In accordance with the hypothesis, fewer participants succeeded in the inverted form of the simpler bathtub task (A2) than in its original form (A1). Five of ten were successful at the former, while eight of ten at the latter. Performance in Question A7, producing flow graphs from text, was as good as in the original easy bathtub task; eight of ten solved that task too. Seven of them were among the eight successful in Question A1, the easy bathtub task. Performance in Question A8, producing stock from text, however, was not as good as expected. Five of ten solved that task, in other words, as many as who solved the inverted bathtub task (A2). Four of these were among the five successful at the inverted bathtub task (A2). The low performance in Question A8, producing stock from text, can probably be explained by a mistake made when the task was constructed. As can be seen in Appendix A8, the author miscalculated the maximum amount of water in the tub, making the stock go way above the provided graphing area. This, in all likelihood, added to the difficulty of the task, but it was, however, solved by half of the participants in the group who received it.
Producing a flow graph from graphical stock information was more difficult for the participants than producing a stock graph from graphical flow information, and than producing flow graphs from written information. People are more familiar with written information, and reading graphs demands some additional effort even from our group of participants.
That producing a graph of the inflow from information about the stock (and outflow) would be more difficult than producing a stock graphs from information about the flows was expected from how these matters are taught in the Swedish high school (Björk & Brolin, 2000a, 2000b). The participants were, however, quite successful in producing flow graphs from text, which was a little unexpected. This is not much practiced in the Swedish high school. It was also the case that participants successful at producing stock graphs tended to be successful at producing flow graphs as well, and vice versa.

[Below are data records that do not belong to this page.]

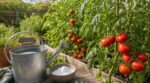 Tomates sans goût : 3 cuillères de cette poudre de cuisine dans l’arrosoir, et finies les bouteilles d’engrais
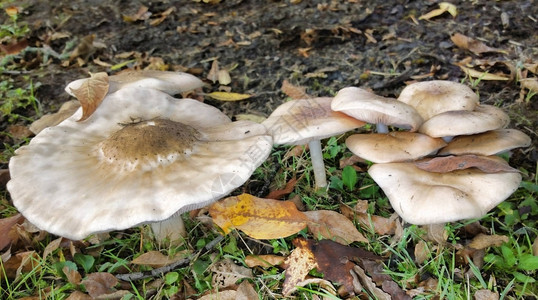生长在树林里的普通田间蘑菇图片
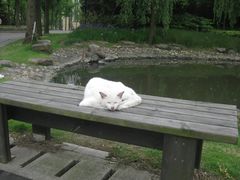 -苏州河梦清园环保主题公园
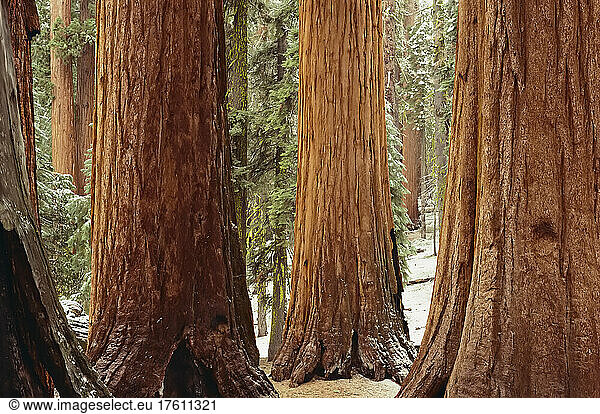 Riesenmammutbäume  Mariposa-Hain Yosemite-Nationalpark Kalifornien  USA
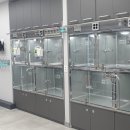민들레동물병원 네이버블로그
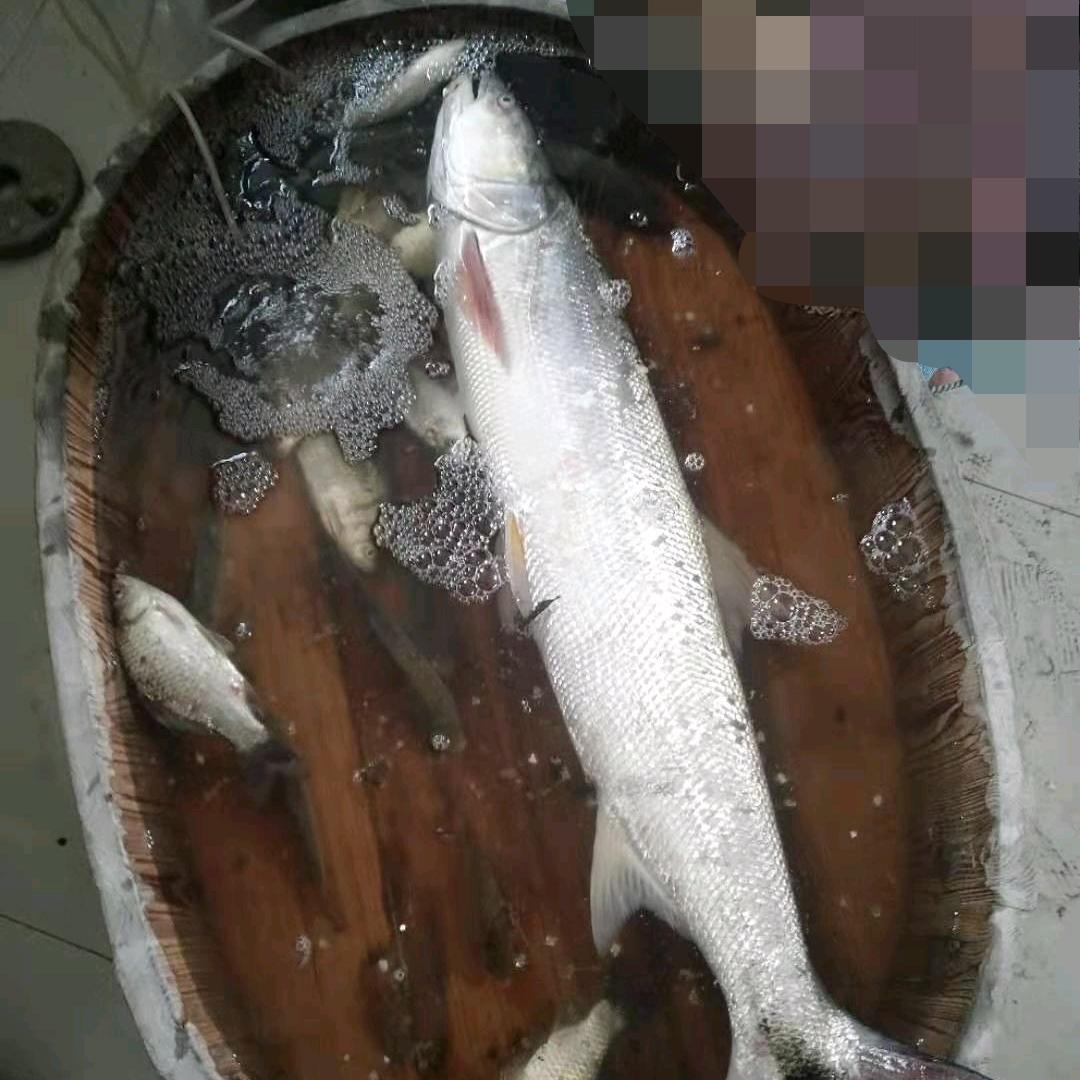 各地稀里胡图的砖家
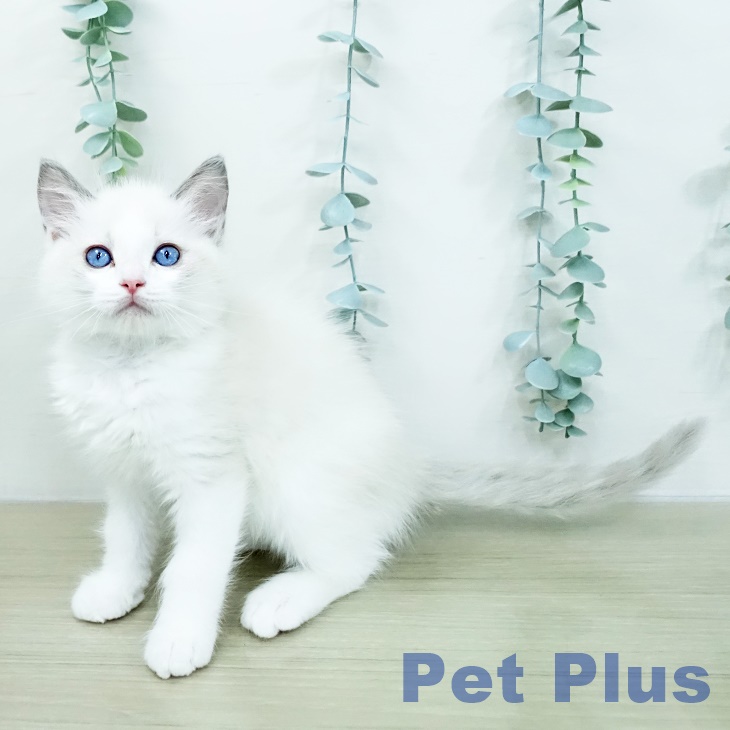 埼玉県のラグドール (ペットプラス 羽生店/2026年2月22日生まれ/男の子/シールポイントバイカラー)の子猫の1枚目の画像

The low performance in the task of producing a stock graph from text I attribute to unfortunate task construction.
Reading graphs
The results from the simulation of the rabbits-and-foxes system are presented in line graphs, as results usually are from system dynamics simulations. Hence, the rabbits-and-foxes task requires the ability to interpret and combine information in line graphs. Questions A14-A17 tests the ability to extract information from the combination of a line graph describing the evolution of the rabbit population during a specified time period and a line graph depicting the development of the fox population during the same time period. How the two populations are related to one another is described in qualitative terms, not specifying the exact values of the parameters involved. Question A14 shows an increasing rabbit population and a fox
population that first declines moderately and then grows to about the initial size. Question A15 depicts decreasing rabbits and decreasing foxes, and Question A16 illustrates the equilibrium situation with both populations constant. In Question A17, the rabbits first increase while the number of foxes also grows, due to the abundance of food. Eventually, the foxes are numerous enough to turn the rabbit population from increasing to decreasing. The participants were asked to describe what happened to the rabbits and foxes during the pictured time interval, and why.
Earlier results suggest that most people recognize the equilibrium situation in A16 (Jensen, 2003, 2005; Jensen & Brehmer, 2003). The participants were expected to have little trouble describing the behavior of the populations in A14 or A15, but would they combine the information in the two separate graphs, and relate it to one another, in their explanations?
Social science students, who have participated in our previous studies, tend to find it very difficult to produce a reasonable explanation to the development depicted in A17 (Jensen, 2003, 2005; Jensen & Brehmer, 2003). They seem not to manage to combine the behavior depicted in the graphs with the information provided in writing, in order to deduce something coherent. If they were, they would gain information useful for obtaining the goal of equilibrium populations.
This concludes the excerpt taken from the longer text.